* _Data shown_:
§
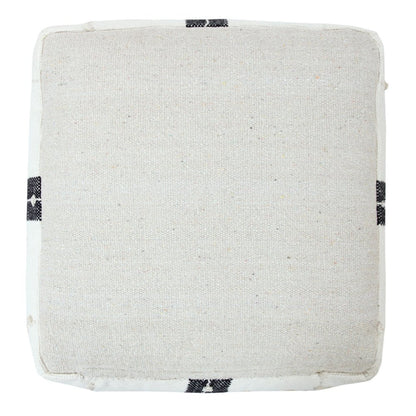 18" Black Cotton Striped Pouf Ottoman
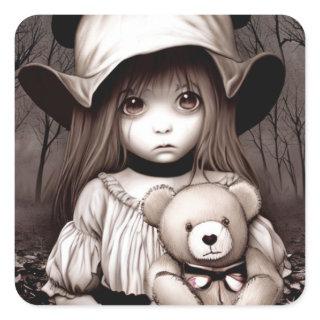 Little Girl with Teddy Bear in Scary Woods Square Sticker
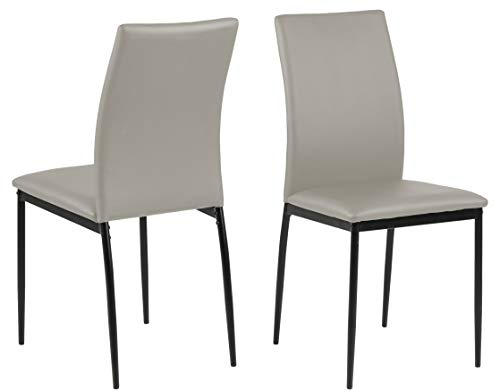 AC Design Furniture Devin Esszimmerstühle 4er Set mit Leder Look, H: 92 x B: 43,5 x T: 53 cm, Taupe/Schwarz, PU/Metall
§
* _Task_:
The required output is the listing above reproduced exactly, pictures removed.

* _Reply_:
 18" Black Cotton Striped Pouf Ottoman
 Little Girl with Teddy Bear in Scary Woods Square Sticker
 AC Design Furniture Devin Esszimmerstühle 4er Set mit Leder Look, H: 92 x B: 43,5 x T: 53 cm, Taupe/Schwarz, PU/Metall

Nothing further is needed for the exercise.